Воскресенье, 7 августа, Эшандан
Вчера мы с женой, Джонни, Мари-Джо и молоденькая соседка, которая в то время присматривала за детьми, сели в поезд Венеция — Лозанна. Всего — пять человек. Я забронировал шесть мест в вагоне первого класса. Поезд был набит, как на карикатурах и как это бывает только в итальянских поездах. Коридоры заполнены пассажирами и багажом — чемоданами, сумками, всевозможными пакетами, стариками, детьми. Казалось, все это набросано в несколько слоев, и было совершенно невозможно протиснуться к умывальникам, занятым пассажирами и тоже забитым багажом.
В нашем купе было одно свободное место. Дети стояли в коридоре. У Мари-Джо в дороге началось расстройство желудка, и ее нужно было уложить. Но и без Мари-Джо мы все равно никому не предложили бы этого места. Меня все время мучила совесть. И в то же время я был в ярости от того, что приходится путешествовать в таких ужасных условиях.

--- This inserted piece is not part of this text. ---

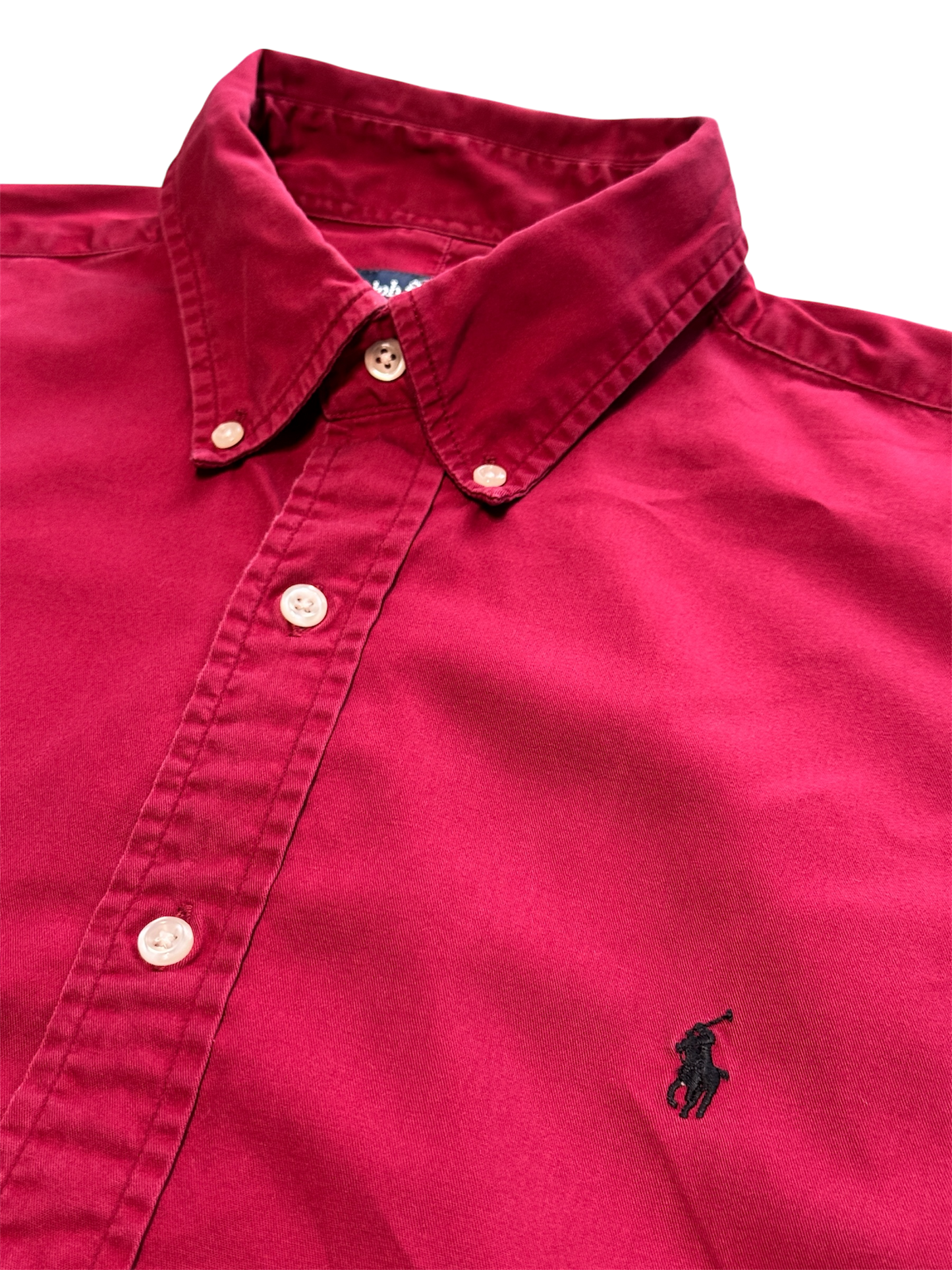 (SUP-433) Polo Ralph Lauren COTTON SHIRT - BLAKE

Я уже не могу останавливаться в гостинице, где у меня нет собственной ванны или где обслуживание оставляет желать лучшего, так же как не могу зайти поесть в бистро.
Почему? В детстве у меня в комнате не было водопровода, а уборная помещалась в глубине двора. Я страдал от запаха ночных горшков и мусорных ведер. «Капитально» мы мылись только раз в неделю, по субботам, на кухне в бадье для стирки. Одна рубашка и одна пара носков на неделю.
В то время шахтеры уходили с работы, не приняв душа, с черными лицами, на которых белели лишь глаза. Они сами называли себя «черными рожами».
Сегодня у них есть душевые, а зачастую даже собственные домики.
Вспоминая, как это было вчера, я часто испытываю угрызения совести. Я спрашиваю себя, не поступаю ли я бесчестно, воспитывая своих детей в так называемой роскоши.
Может быть, один я жил бы по-другому? Я много раз делал попытки что-нибудь изменить и с возрастом делаю их все чаще и чаще. Мой образ жизни противоречит моим убеждениям и натуре. Возможно, отсюда и угрызения совести. Во всяком случае, это противоречие угнетает меня. Как и все, я успокаиваю себя тем, что в иных условиях я не мог бы работать, что я никому не причиняю зла, что в беспрестанно изменяющемся мире естественно, что...
Но это неправда. Просто другие приспосабливаются так же, как я...
После полудня
Очевидно, это тоже связано с тем, о чем только что шла речь. После обеда я ненадолго прилег, и мне вдруг вспомнилось, как живут люди в местечке, при мысли о котором меня всегда охватывает ностальгия. Немного уже таких уголков осталось на земле. В Экваториальной Африке, в южных морях еще тридцать лет назад эти местечки именовались «прилавками». Я знаю, что потом они исчезли. Их еще можно найти в некоторых отдаленных уголках Соединенных Штатов и Канады, там они называются «факториями».
Люди, живущие где-нибудь в глухомани, когда на десять, а то и на сто километров вокруг — никого, раз в неделю, или раз в месяц, или два раза в год приезжают туда закупать необходимые вещи. Например, спички, керосин или карбид, фонари — на случай плохой погоды, мыло, рыболовные крючки или патроны, шерстяные одеяла, рабочую одежду, кожаные или резиновые сапоги, нитки, иголки...
Все это стоит в бочках, ящиках, сундуках. Свисает с потолка. Есть, конечно, и спиртное.
Необходимое. Нет вещей, которые вам приходится покупать потому, что кому-то нужно их продать. Сегодня один французский министр объявил, что каждый француз в этом году должен съесть на три килограмма помидоров больше, чем в предыдущие годы, чтобы избежать затоваривания рынка (тринадцать килограммов вместо десяти!).
Две войны, точнее — две оккупации, когда вопрос питания был почти вопросом жизни, научили меня по-настоящему ценить продукты. Сахар, например. Сахар с большой буквы. Во время последней войны, боясь, что его не будет, и волнуясь за сына (тогда у меня был только один сын), я покупал соты. И кофе пил с медом. А сколько нужно было уловок, чтобы получить несколько литров керосина, потому что на электричество надежда была плохая. Или достать карбид. Рис, муку. Ботинки на холод и грязь. Пальто из грубой шерсти или подбитое овечьей шкурой.